This post originally appeared in the Thrive Moms series called “In Every Season” – if you aren’t signed up to receive their emails, I would highly encourage you to do so!
At bedtime each night we read a short devotional to our daughter from one of the various kid-focused books we have on her bookshelf. Over the years the stories have gotten more complex, the topics more relevant to her current 5-year-old stage of life, and the application as relevant to her daily preschool routine as it is to my work-from-home job.
As I flipped to the reading for the night in our current book, Brave Girls 365 Devotional, I hesitated.“If we confess our sins, He will forgive our sins…He will make us clean from all the wrongs we have done.” (1 John 1:9).

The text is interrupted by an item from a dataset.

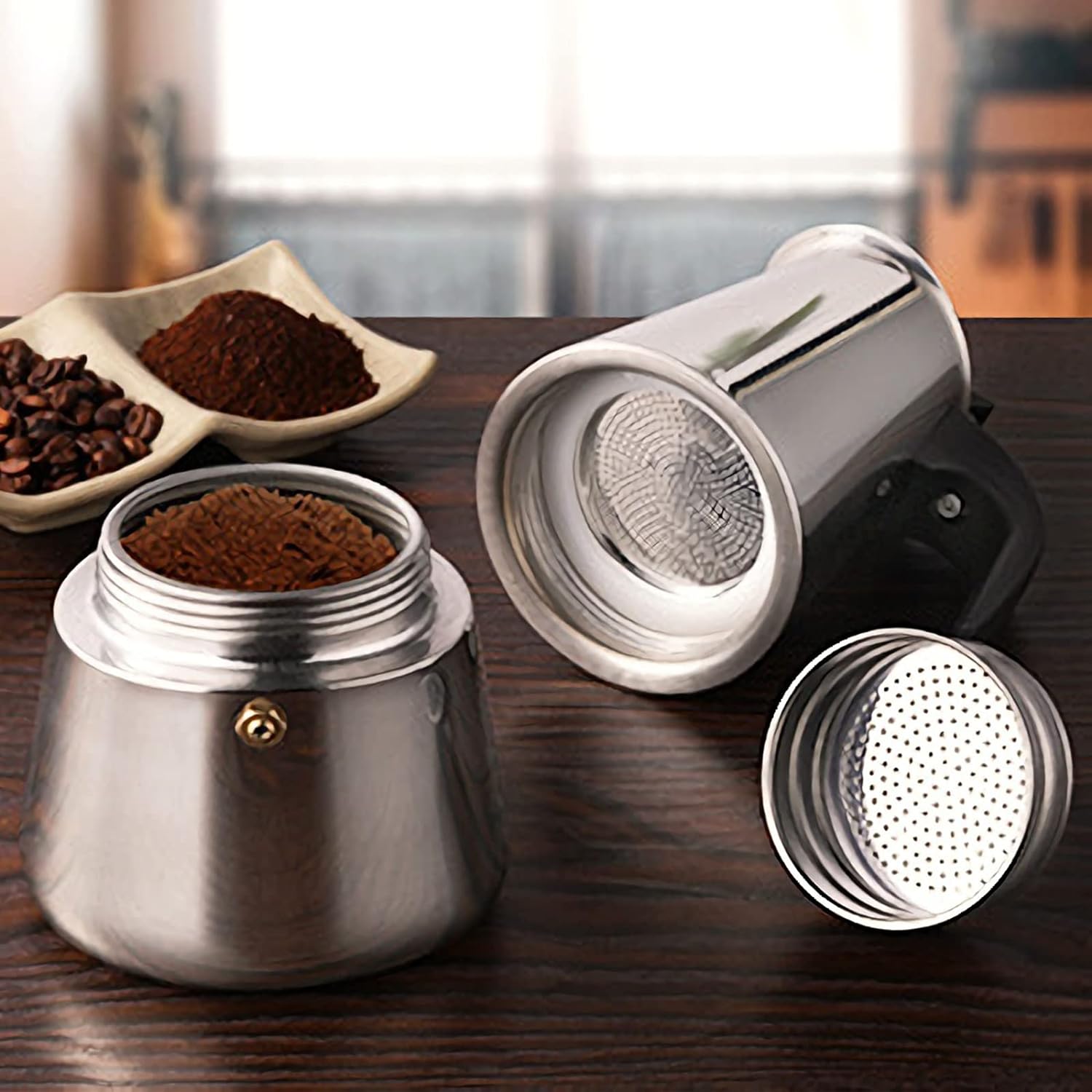 4/6/9 Cups Moka Pot Caffe Mach - Equipment Of Coffee Machine ulasan dan harga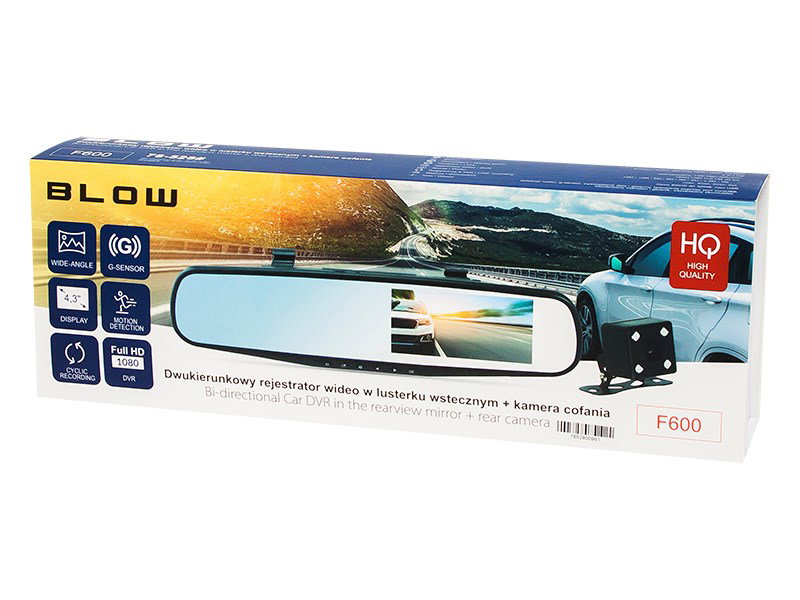 BLOW BLACKBOX DVR F600 dashcam Black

Sin. Confession. Repentance. Forgiveness. I wanted desperately to skip to the next page, to read an easier devotional about how to handle life when it’s not fair, or how to encourage your friends. I wasn’t sure I wanted to talk about sin with our little girl.
Maybe you do that too, when topics in faith feel uncomfortable. It’s easier to explain grace, encouragement, and loving our neighbors than it is to talk about sin. Because when we talk about sin, we have to admit that we’re all sinners who need a Savior – and that can be an uncomfortable confession. It means that we can’t do everything on our own, that we have weaknesses, and that we are in need of restoration.
In Psalm 51 David pens a prayer for restoration, a guide that shows us how to come before God with a heart ready to receive the full forgiveness that He promises. David begins by recounting the characteristics of God (faithful love; abundant compassion) and then confesses his sins. Before we can walk in the joy and gladness of God’s restoration, we must empty our hearts and hands of the sinful parts of our lives to make room for what God needs to do.
David goes on to ask God not only to cleanse him of his sins, but to “renew a steadfast spirit” and“sustain me by giving me a willing spirit.” (v 10, 12). What a beautiful reminder that God will give us everything we need to live fully in the abundance of His restoration if we are humble enough to confess our sins and ask for His help.
Answering questions about confession and repentance with my daughter meant being willing to share with her that her mommy is far from perfect. I’ve been quite present for every one of my sins – big and small. But it was also a beautiful moment to share that God does not expect perfection, but obedience. And that is something much easier for this mama to share.
- How do you feel God inviting you to experience His abundance in this season of your life? What would you need to confess, or let go of, to make room for God to accomplish this?
- Take time to read through Psalm 51, following David’s example as you speak out loud who God is, what He has already been faithful to do, and spend time in prayer confessing anything God reveals to you.
A PRAYER FOR YOUR WEEK
Father, thank You that You desire for us to live in abundance, and we can experience this through confession. Though acknowledging our sin is painful, help us to boldly repent before You, that we might continually make room in our lives for Your joy and gladness. We praise You for being the God who restores.
I think it’s wonderful that you spend devotional time with your daughter. I have had the priviledge of sowing into many children’s lives, those seeds will grow. It’s good to face the hard stuff too early enough so they will remember as they get older.
Cheryl Howard says
Thanks for sharing this truth.
Susan Mulder says
So good Crystal!! Sin isn’t something we talk openly about, especially with our little ones. I admit that confession is something I gloss over in prayer-not because I don’t sin but because I would much rather pray about other things. What a great reminder to keep it real with our families, but especially with God!